Ahora, un mago argentino de la escena llamado Alfredo Arias intenta reanimar el cadáver del gigante caído en desgracia. Las rancias maderas del Folies crepitan de nuevo. El pasado diciembre, Georges Terrey, administrador del local, anunció el cierre no sin asegurar que el Folies volvería con espíritu renovado. Casi nadie le creyó. Era normal, teniendo en cuenta que el universo del «music-hall» y las asfixiantes realidades y previsiones de la crisis económica, no casaban nada bien. Antes, la guerra del Golfo había supuesto el primer varapalo para los santuarios del «french can-can» que vieron cómo norteamericanos y japoneses desertaban de París. 

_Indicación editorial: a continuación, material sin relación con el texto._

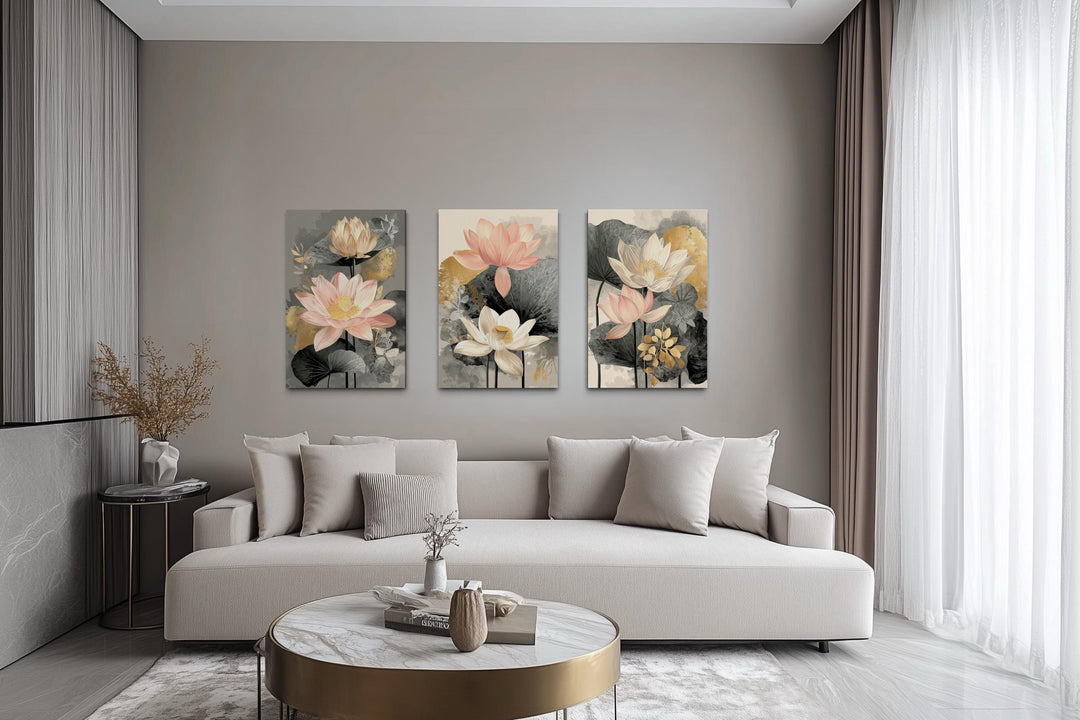 Neutral Lotus Wall Art – Blush Gold Botanical Canvas Triptych Set | Modern Floral Decor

La revista languidecía víctima de la ausencia de optimismo. Algo estaba muriendo en el alma de la ciudadluz... la Bella Otero y Mistinguette, Joséphine Baker y Maurice Chevalier, ¿dónde estaban sus espíritus?: quizás arrastrando su tristeza por entre los bastidores del Folies. Al otro lado de París, los rivales Lido y Crazy Horse también sufrían. Sólo el Moulin Rouge mantenía el tipo.